___ WORKING DATA

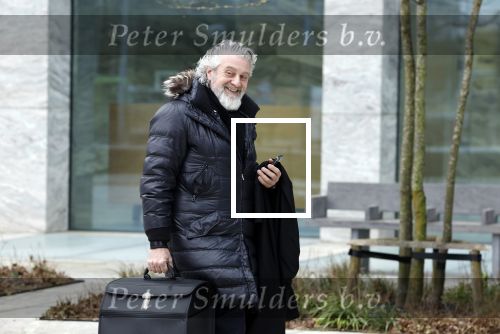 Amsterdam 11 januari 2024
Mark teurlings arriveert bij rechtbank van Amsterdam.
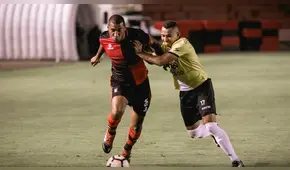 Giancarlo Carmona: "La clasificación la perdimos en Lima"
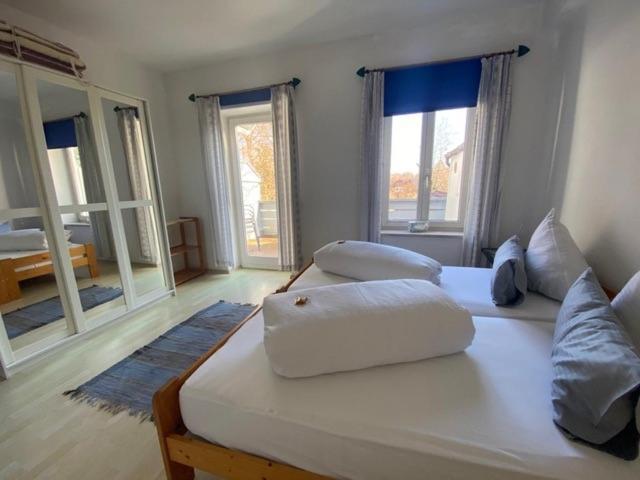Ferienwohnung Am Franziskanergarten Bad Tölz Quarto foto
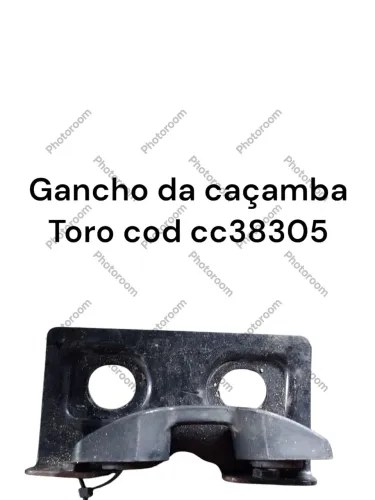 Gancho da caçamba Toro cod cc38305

______
___ WORKING DATA

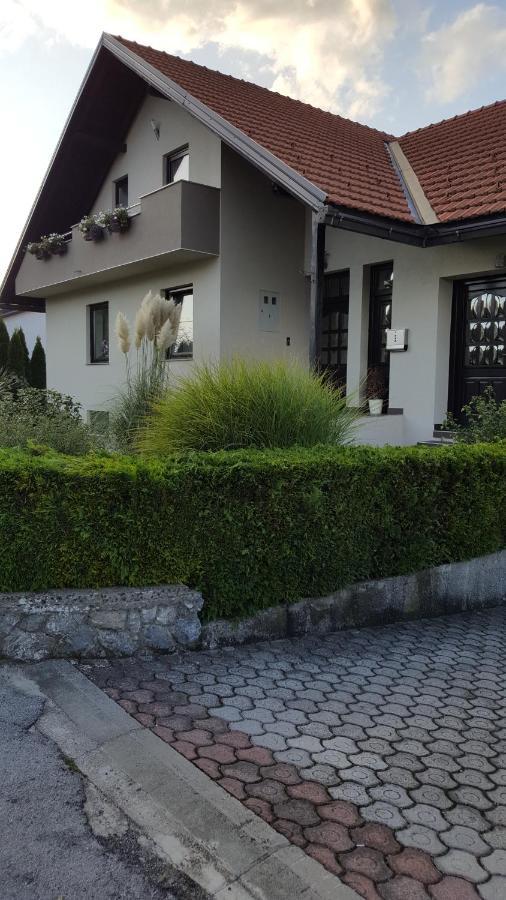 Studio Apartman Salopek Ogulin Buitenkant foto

______

◆ **TASK**:
From the records above, copy exactly the stretch from the line holding "Ferienwohnung Am Franziskanergarten" through the line holding "Gancho da caçamba Toro cod cc38305", both ends included, without the pictures.

◆ **PROBLEM SOLUTION**:
Ferienwohnung Am Franziskanergarten Bad Tölz Quarto foto
 Gancho da caçamba Toro cod cc38305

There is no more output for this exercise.